### Data records
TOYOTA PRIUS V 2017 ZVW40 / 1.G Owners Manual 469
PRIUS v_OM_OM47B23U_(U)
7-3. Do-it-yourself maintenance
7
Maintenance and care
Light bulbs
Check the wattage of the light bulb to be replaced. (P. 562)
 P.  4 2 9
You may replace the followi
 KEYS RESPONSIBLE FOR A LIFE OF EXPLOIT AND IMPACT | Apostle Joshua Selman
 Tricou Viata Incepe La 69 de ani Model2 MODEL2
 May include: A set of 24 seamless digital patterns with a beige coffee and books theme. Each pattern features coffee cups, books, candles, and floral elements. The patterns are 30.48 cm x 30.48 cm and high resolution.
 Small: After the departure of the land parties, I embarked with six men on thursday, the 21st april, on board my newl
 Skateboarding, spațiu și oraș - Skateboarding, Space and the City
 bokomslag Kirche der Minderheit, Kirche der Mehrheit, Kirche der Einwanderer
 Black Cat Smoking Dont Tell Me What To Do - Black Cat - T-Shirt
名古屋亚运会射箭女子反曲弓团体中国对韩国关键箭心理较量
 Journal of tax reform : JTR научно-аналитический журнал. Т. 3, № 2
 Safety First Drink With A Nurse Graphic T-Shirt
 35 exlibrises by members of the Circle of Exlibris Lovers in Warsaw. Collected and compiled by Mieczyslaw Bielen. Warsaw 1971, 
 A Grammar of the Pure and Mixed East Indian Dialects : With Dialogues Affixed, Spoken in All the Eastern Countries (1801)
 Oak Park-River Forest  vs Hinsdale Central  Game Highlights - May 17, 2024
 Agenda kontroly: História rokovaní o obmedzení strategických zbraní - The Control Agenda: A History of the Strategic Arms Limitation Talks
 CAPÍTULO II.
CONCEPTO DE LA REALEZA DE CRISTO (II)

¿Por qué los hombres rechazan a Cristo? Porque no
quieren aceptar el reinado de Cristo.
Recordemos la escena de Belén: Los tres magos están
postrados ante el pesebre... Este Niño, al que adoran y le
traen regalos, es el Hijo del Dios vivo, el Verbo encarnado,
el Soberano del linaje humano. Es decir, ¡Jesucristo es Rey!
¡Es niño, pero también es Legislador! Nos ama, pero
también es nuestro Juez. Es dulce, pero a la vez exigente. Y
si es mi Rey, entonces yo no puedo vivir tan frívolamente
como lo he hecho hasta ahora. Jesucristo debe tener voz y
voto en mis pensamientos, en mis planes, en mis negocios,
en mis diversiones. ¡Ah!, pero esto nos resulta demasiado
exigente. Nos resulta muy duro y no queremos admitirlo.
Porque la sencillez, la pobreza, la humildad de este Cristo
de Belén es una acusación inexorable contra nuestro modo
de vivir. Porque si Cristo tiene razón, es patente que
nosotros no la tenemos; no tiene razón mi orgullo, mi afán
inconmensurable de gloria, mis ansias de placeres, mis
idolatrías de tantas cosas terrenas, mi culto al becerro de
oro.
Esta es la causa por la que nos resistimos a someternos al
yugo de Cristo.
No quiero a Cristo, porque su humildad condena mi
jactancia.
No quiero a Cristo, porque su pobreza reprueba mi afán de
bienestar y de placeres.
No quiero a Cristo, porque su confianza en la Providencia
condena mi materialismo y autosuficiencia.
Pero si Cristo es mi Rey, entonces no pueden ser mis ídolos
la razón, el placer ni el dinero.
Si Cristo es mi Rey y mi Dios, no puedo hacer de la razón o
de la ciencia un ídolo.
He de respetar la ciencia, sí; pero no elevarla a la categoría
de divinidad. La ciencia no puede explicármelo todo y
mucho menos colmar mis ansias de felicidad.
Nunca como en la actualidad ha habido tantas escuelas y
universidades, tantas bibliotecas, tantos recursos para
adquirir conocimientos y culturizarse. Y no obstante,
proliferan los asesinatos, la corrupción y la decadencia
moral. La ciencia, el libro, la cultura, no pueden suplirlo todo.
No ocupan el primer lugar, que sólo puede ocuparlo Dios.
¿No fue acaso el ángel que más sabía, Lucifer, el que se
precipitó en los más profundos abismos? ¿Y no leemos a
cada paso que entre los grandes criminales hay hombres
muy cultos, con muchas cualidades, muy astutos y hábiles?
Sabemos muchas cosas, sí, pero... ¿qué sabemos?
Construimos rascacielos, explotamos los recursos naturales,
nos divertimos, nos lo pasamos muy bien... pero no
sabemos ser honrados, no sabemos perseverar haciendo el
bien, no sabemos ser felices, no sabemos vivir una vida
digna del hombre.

### Directions for this task
Copy every line in the entries above that has the string "vivir" in it.

### Result of the exercise
si es mi Rey, entonces yo no puedo vivir tan frívolamente
de vivir. Porque si Cristo tiene razón, es patente que
bien, no sabemos ser felices, no sabemos vivir una vida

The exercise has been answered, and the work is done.